Volume:5, Issue: 3

Aug. 15, 2013

Janush Korczak's Road to Moral Education
Silverman, Marc [about] , [about]

KEYWORDS: Moral education; self-reformation; compassionate amelioration; caring theory; dialogue; pedagogical forgiveness; respect for children as individuals; children's self-government.
ABSTRACT: This article explores the road to moral education constructed by one of the most outstanding humanist educators and social pedagogues of the 20th century, Dr. Henryk Goldsmidt, known by his penname, Janusz Korczak (1878/9-1942). Analyzing and interpreting several educational practices selected from a very rich array of the educational practices that Korczak devised and introduced into the life of children in his two orphanages, the author locates three major sequential educational steps – lending genuine respect to children as individuals; fully accepting their strengths and failings while offering them many self-improvement opportunities; and sensitizing them to the importance of justice in their interpersonal relationships – that enabled these very abused and deprived children plagued by considerable social-interpersonal pathologies to undergo significant processes of self-re-formation during their residence in the orphanage over the period they lived in it. 


To cultivate the goodness that does exist; despite peoples’ weaknesses and in born negative instincts, such goodness indeed does exist. Are not Trust and the Belief in people precisely the goodness that we can cultivate and foster as an antidote to the badness we sometimes cannot eliminate, and whose growth we are barely able to curtail through very hard and concentrated effort. (Korczak’s Collected Writings, 1978, 255-56).

“…I believe educators primarily need to know: To lend full forbearance to every child in every case. The meaning of “to understand everything” is to lend it forgiveness […] Educators […] are called upon to adopt in their hearts and for their own sake a compassionate stand in their judgment of children’s misdeeds, failings and culpability […] children act wrongly – sin – out of ignorance […] because they succumbed to temptation, to an other’s manipulation […], because they could not find a way to act differently […]. Those who are angered and agitated by children for being what they are, for being as they were born or as their experiences have taught them to be, are not educators.” (Op. cit., 253-4).

Introduction

Teaching and educating are professions based on interpersonal and social relationships, and the latter by their very nature ‘teach’ behavioral norms and values. Teaching and education entails developing learners’ ethical orientation, either directly, consciously and intentionally or indirectly and unconsciously and/or both.

In this essay I intend to share major features of an educational approach that achieved a relatively extensive success in assisting young people, children and adolescents (ages 8-14) in engaging themselves in and actually realizing significant progress in their ethical growth.

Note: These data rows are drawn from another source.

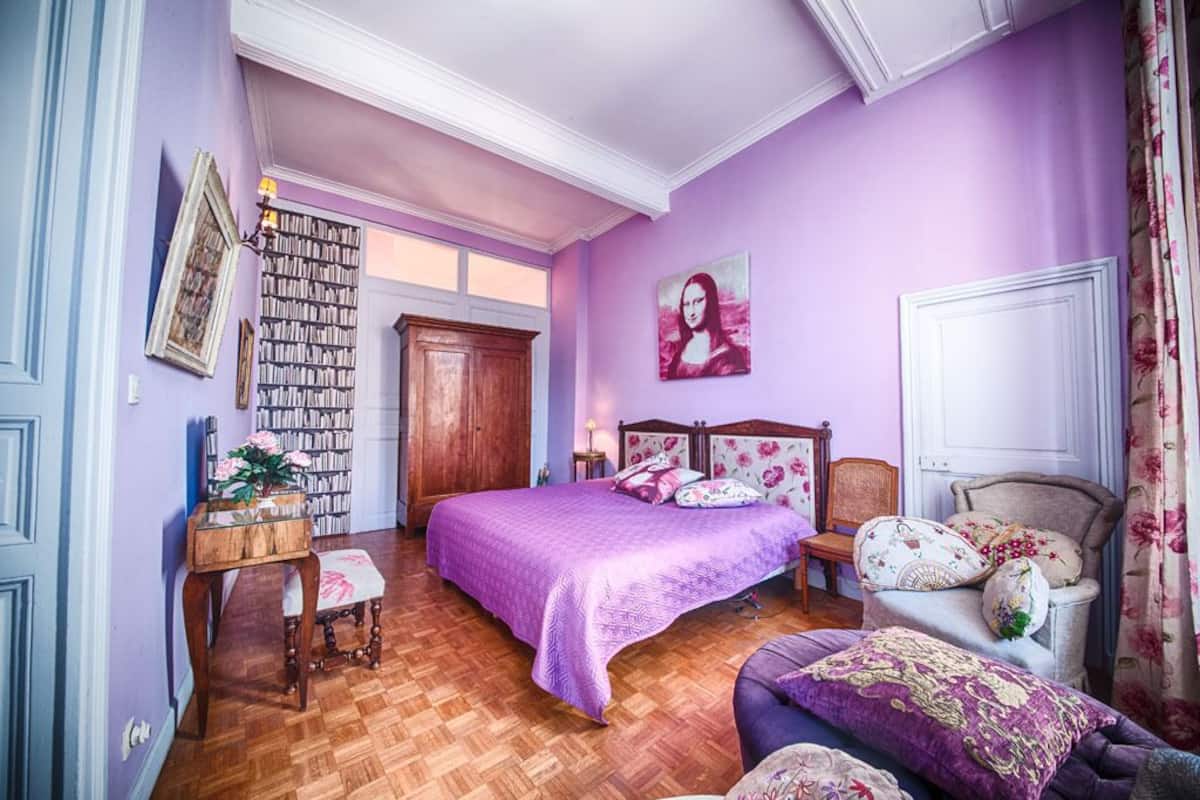 A bedroom with a large bed, a wooden wardrobe, a desk with a chair, and a bookshelf.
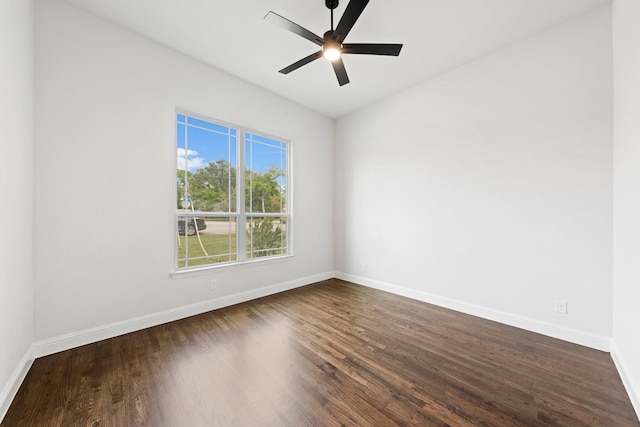 unfurnished room featuring dark wood finished floors, a ceiling fan, and baseboards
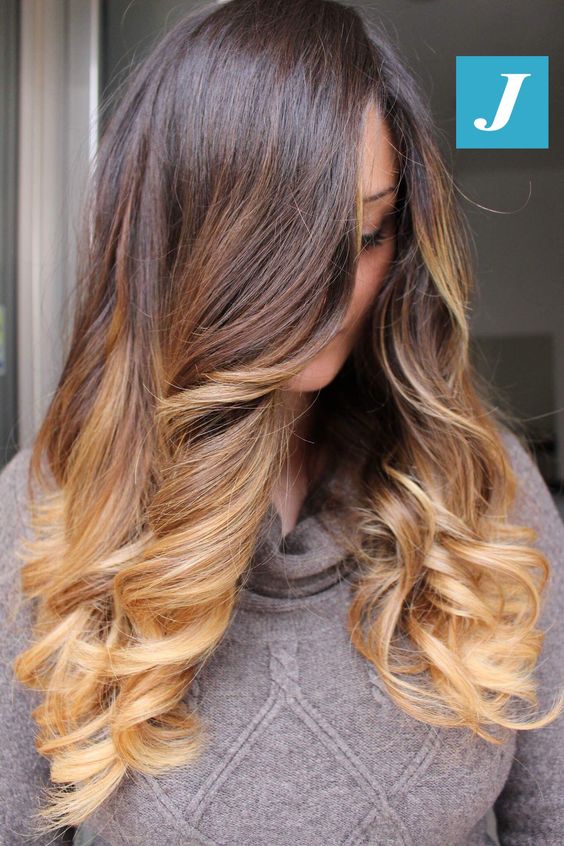 long ombre hair from dark brunette to caramel and golden blonde, with volume and waves, is an amazing idea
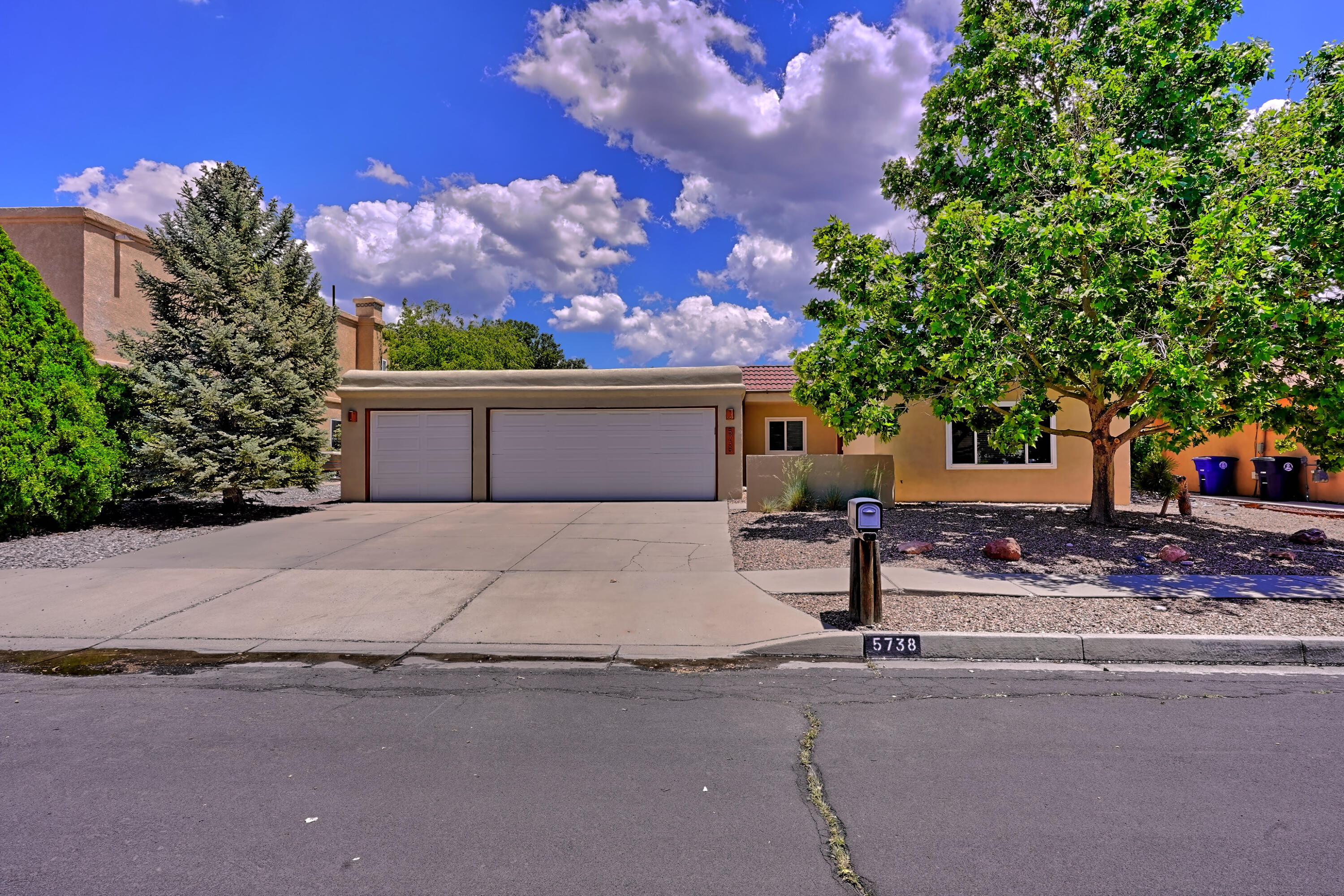 You have waited a long time for this one to hit the market. A single story, 4 bedroom, 3 car garage home in an amazing neighborhood is the gem you won't want to miss. This home is remarkable because it has so many fantastic upgrades. All electric is less than $10.00/mo with fully owned solar. Come see the Remodeled kitchen and bathrooms with beautiful cabinetry. Two living spaces and a NM classic kiva style wood burning fireplace is just the beginning of the amenities in this home. Newer windows, newer stucco, and an oversized garage make it easy to move right in this summer. Step right out to the lovely back yard for a BBQ under the covered patio. Garden space, play space and fruit trees grace the inviting outdoor living all year long. Call and make your appointment today.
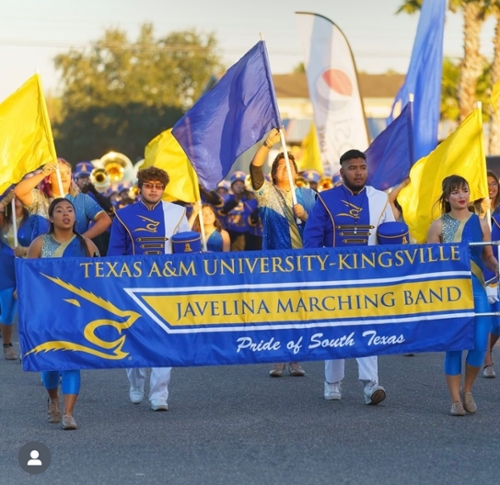 Students walking with homecoming banner in parade
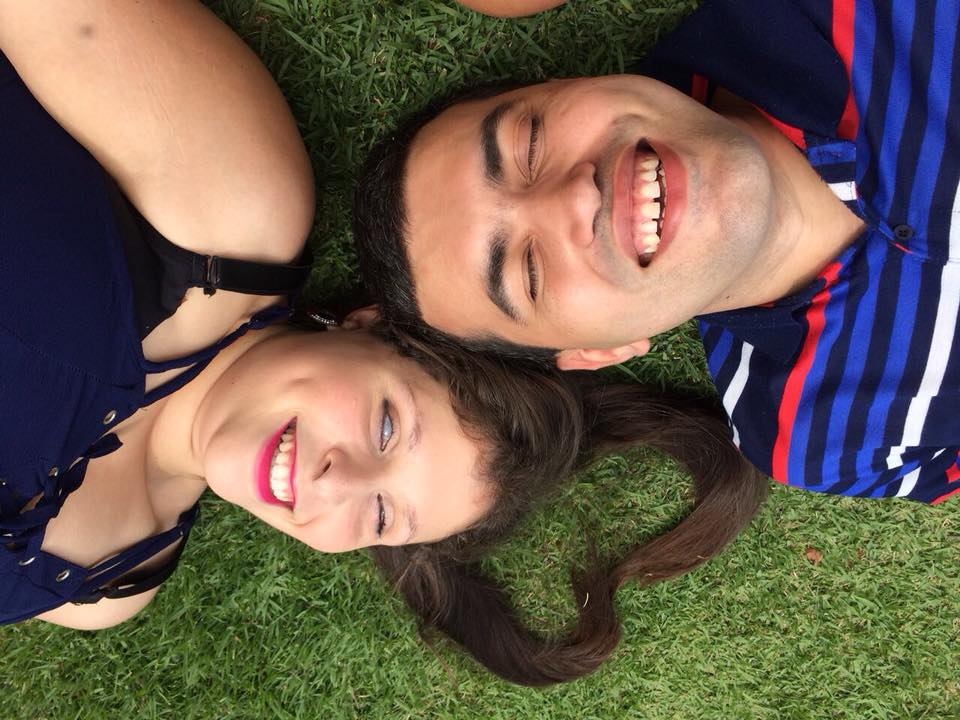 Foto de Leonardo Gleison e Camila Domingues deitados na grama em posições opostas e com suas cabeças lado a lado. Os cabelos da Camila estão ajeitados em formato de coração sobre a grama. Os dois sorriem de olhos fechados.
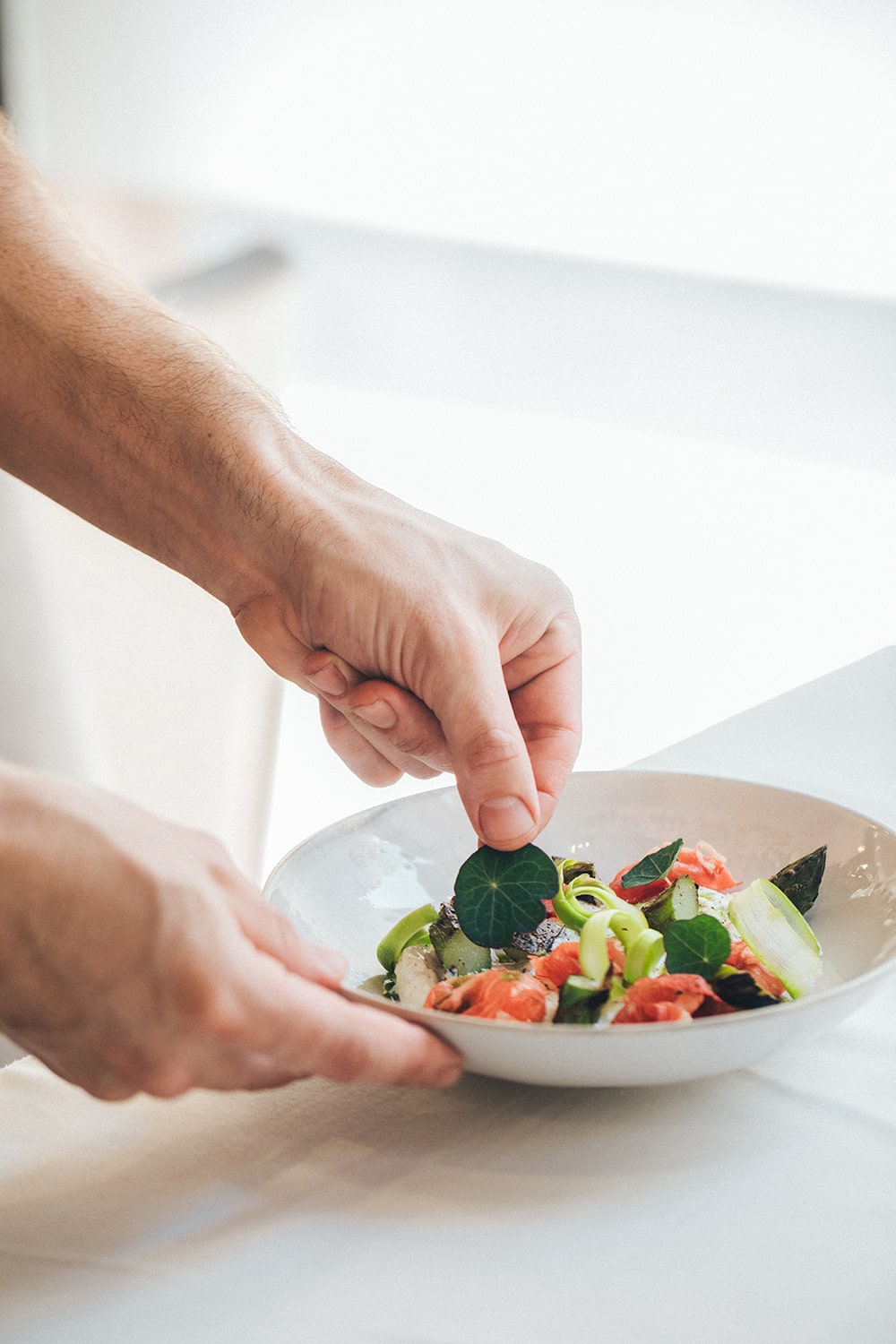 Manos emplatando un plato junto a una entrada de luz natural en un restaurante.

The specific approach and set of educational practices I have in mind are those of the outstanding humanist educator of Polish and Jewish origins, Dr. Henryk Goldsmidt, known to the world by his pen name, Janusz Korczak (1878/9-1942). 

Janusz Korczak – A brief biographical overview

Janusz Korczak is renown world-wide for the heroic stand of non-violent opposition he took in response to the Nazis’ decision to liquidate the Jewish ghetto of Warsaw (July-August, 1942) and to deport everybody there, including all children, to the death camp of Treblinka.  Korczak refused numerous offers to escape into safety from the ghetto. His decision to stay with his charges, over a hundred orphans and staff of the Jewish orphanage he headed from 1912, and to accompany them through all the travails including death that the deportation would hold for them was firm and unequivocal.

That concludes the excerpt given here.